§ Aim of the task
Would you retype exactly the lines below, starting with the one that has "NYX Extra Creamy" and going on through the one that has "Rundum-/blitzleuchte", with no pictures and nothing else?

§ Dataset content
>>

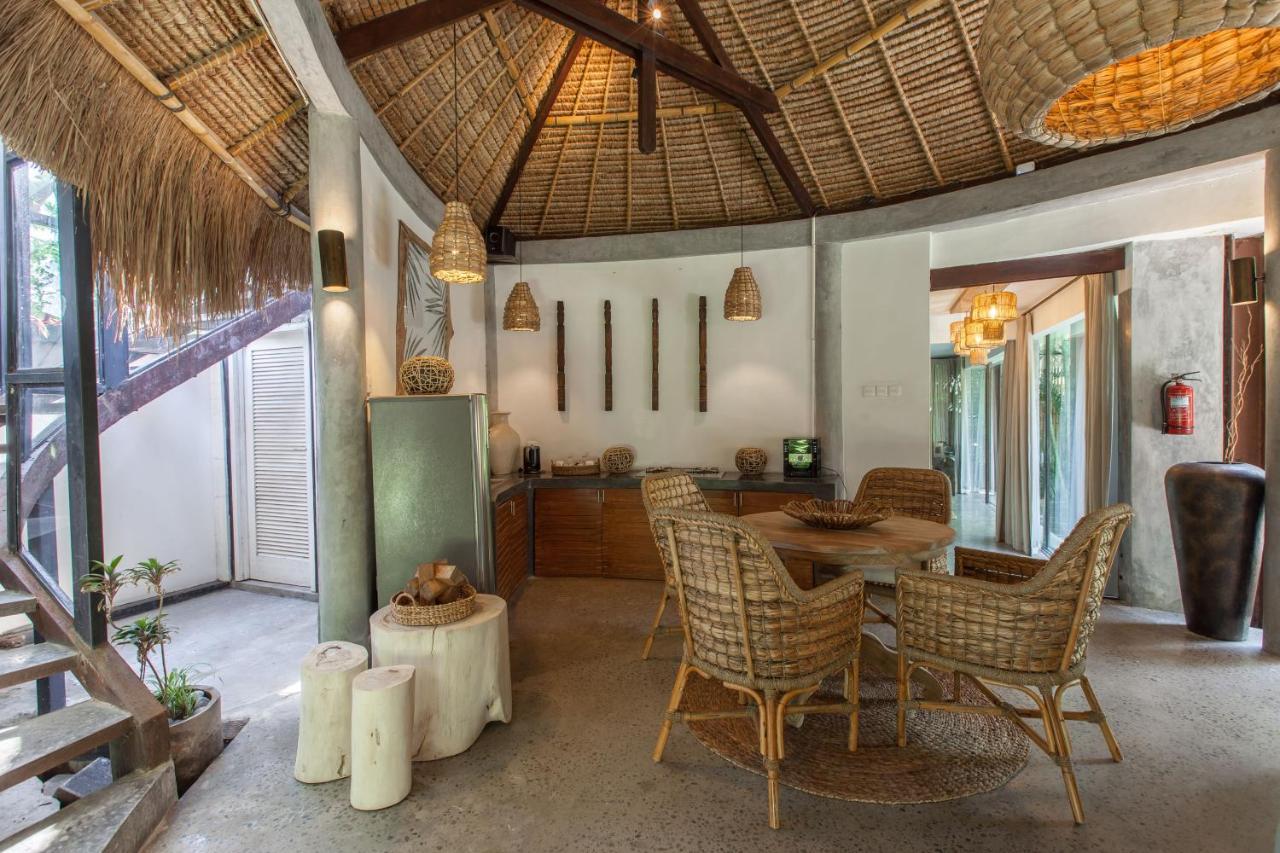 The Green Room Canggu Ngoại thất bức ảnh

<<
>>

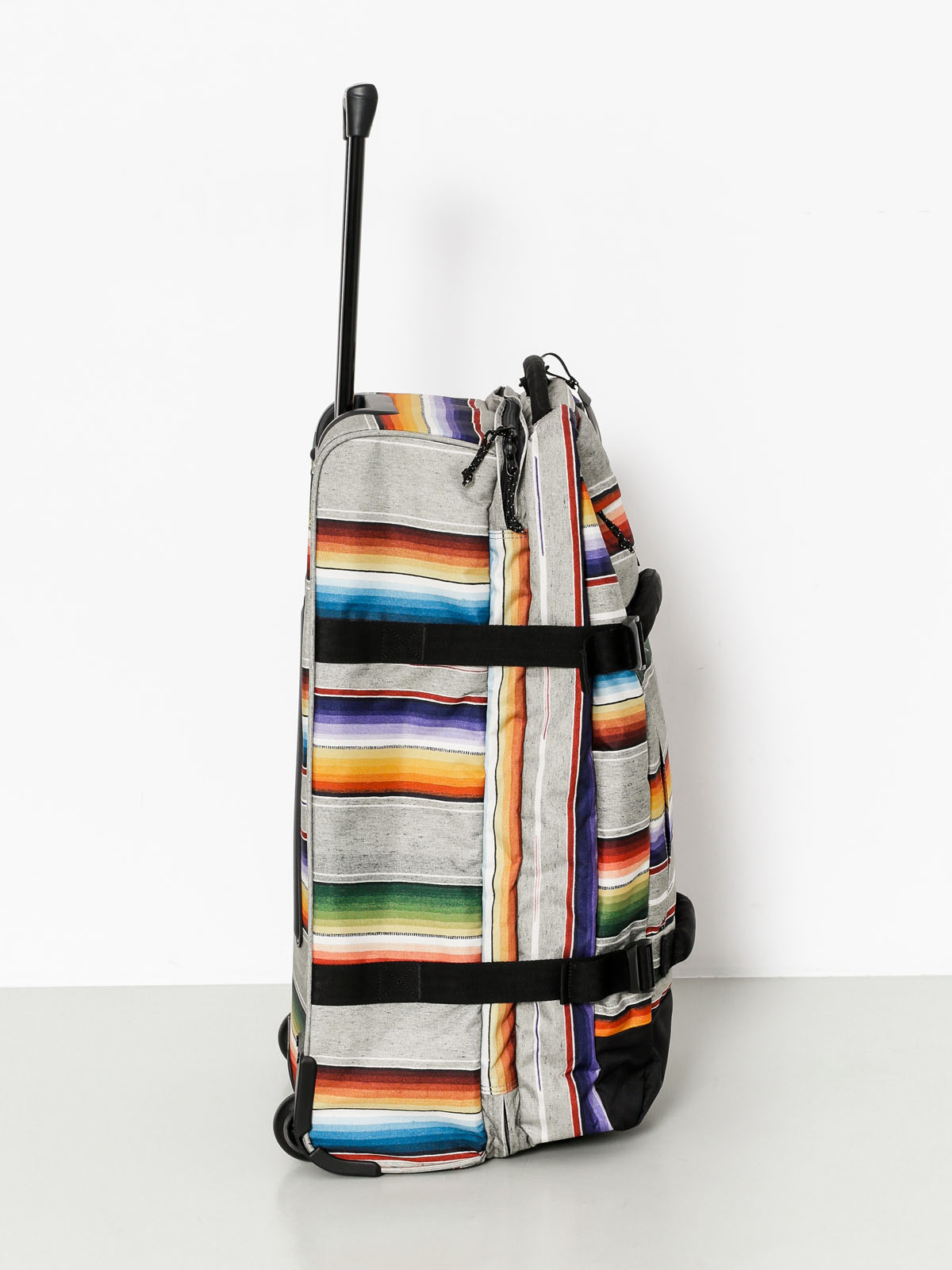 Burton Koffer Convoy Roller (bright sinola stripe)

<<
>>

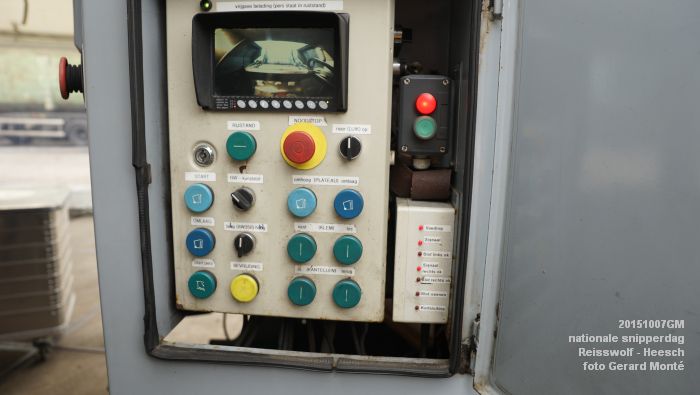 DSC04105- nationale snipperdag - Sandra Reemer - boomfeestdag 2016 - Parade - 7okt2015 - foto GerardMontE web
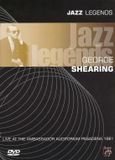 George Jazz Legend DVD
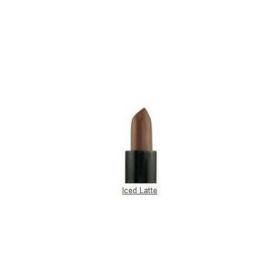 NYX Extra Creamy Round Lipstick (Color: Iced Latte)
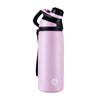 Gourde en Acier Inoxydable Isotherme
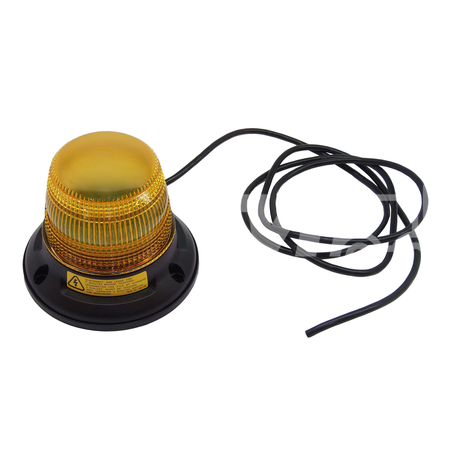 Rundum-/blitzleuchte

<<

§ Solution for this exercise
 NYX Extra Creamy Round Lipstick (Color: Iced Latte)
 Gourde en Acier Inoxydable Isotherme
 Rundum-/blitzleuchte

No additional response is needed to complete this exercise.